Spinal cord organogenesis model reveals role of Flk1+ cells in self-organization of neural progenitor cells into complex spinal cord tissue.

A platform for studying spinal cord organogenesis in vivo where embryonic stem cell (ESC)-derived neural progenitor cells (NPC) self-organize into spinal cord-like tissue after transplantation in subarachnoid space of the spinal cord has been described. We advance the applicability of this platform by imaging in vivo the formed graft through T2w magnetic resonance imaging (MRI). Furthermore, we used diffusion tensor imaging (DTI) to verify the stereotypical organization of the graft showing that it mimics the host spinal cord.

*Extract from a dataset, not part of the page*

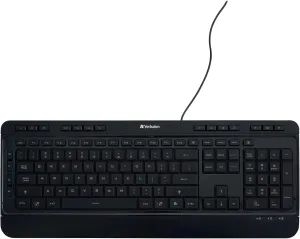 Verbatim Illuminated Wired Keyboard , Black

Within the graft white matter (WM) we identified astrocytes that form glial limitans, myelinating oligodendrocytes, and myelinated axons with paranodes. Within the graft grey matter (GM) we identified cholinergic, glutamatergic, serotonergic and dopaminergic neurons. Furthermore, we demonstrate the presence of ESC-derived complex vasculature that includes the presence of blood brain barrier. In addition to the formation of mature spinal cord tissue, we describe factors that drive this process. Specifically, we identify Flk1+ cells as necessary for spinal cord formation, and synaptic connectivity with the host spinal cord and formation of host-graft chimeric vasculature as contributing factors. This model can be used to study spinal cord organogenesis, and as an in vivo drug discovery platform for screening potential therapeutic compounds and their toxicity.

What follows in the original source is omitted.